Functions and Derivatives

• Conditional operator (→): Denotes implication between two statements.
• Logical equivalence (↔): Indicates two statements have the same logical value.
• Derivative (f'): Denoted by an apostrophe, indicates the derivative of a function.
• Second derivative (f''): Denoted by adding another apostrophe.
• Dot notation: Used for derivatives with respect to time.
• Partial derivatives (∂): Denotes derivatives of functions with several variables.

Integrals and Limits

• Integral (∫): Denotes an anti-derivative.
• Definite integral (∫_a^b): Represents the area under a curve.
• Limit (lim): Denotes behavior of a function as input approaches a certain value._

Complex Numbers

• Real part (Re): Denotes the real part of a complex number.
• Imaginary part (Im): Denotes the imaginary part of a complex number.
• Complex conjugate (z̅): Changes the sign of the imaginary part.

Summation and Products

• Sigma (Σ): Denotes summation of a series of terms.
• Capital Pi (Π): Denotes a product of terms.

Infinity and Cardinality

• Infinity (∞): Represents unlimitedness.
• Aleph (ℵ): Represents the cardinality of infinite sets.
• Factorial (n!): Multiplies a number by all positive integers smaller than it.
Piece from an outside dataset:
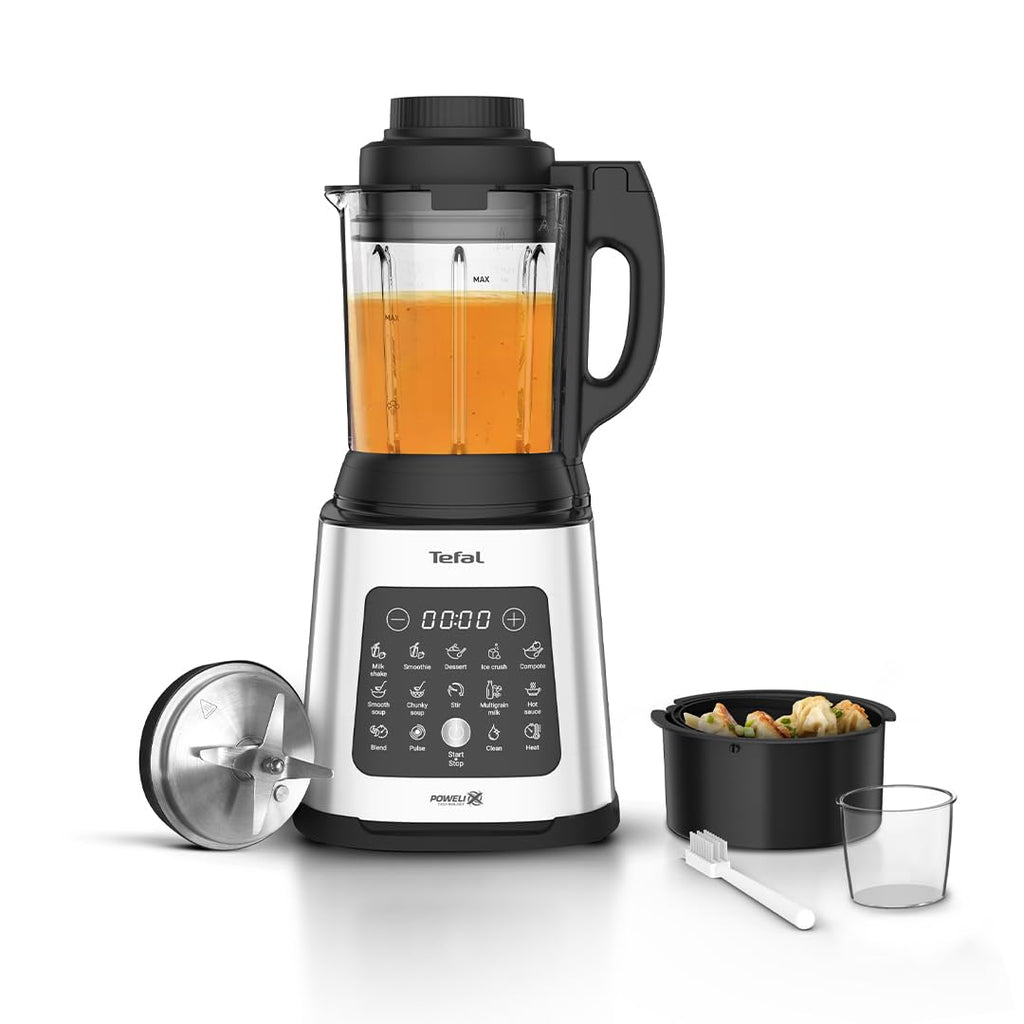 Tefal Blender & Soup Maker Perfectmix Cook, 2L, 10 Auto Programs, Smoothie Maker, Removable Blades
Other Mathematical Operations

• Absolute value (|x|): Represents distance from zero on the number line.
• Floor function (⌊x⌋): Returns the greatest integer less than or equal to x.
• Ceiling function (⌈x⌉): Returns the smallest integer greater than or equal to x.

Geometry Symbols

• Parallel (∥): Denotes parallel lines; crossed lines denote non-parallelism.
• Perpendicular (⊥): Indicates perpendicular lines.
• Segment (AB): Denotes a line segment between points A and B.
• Ray (→AB): Starts at point A and extends through point B.
• Line (↔AB): Represents an infinite line passing through points A and B.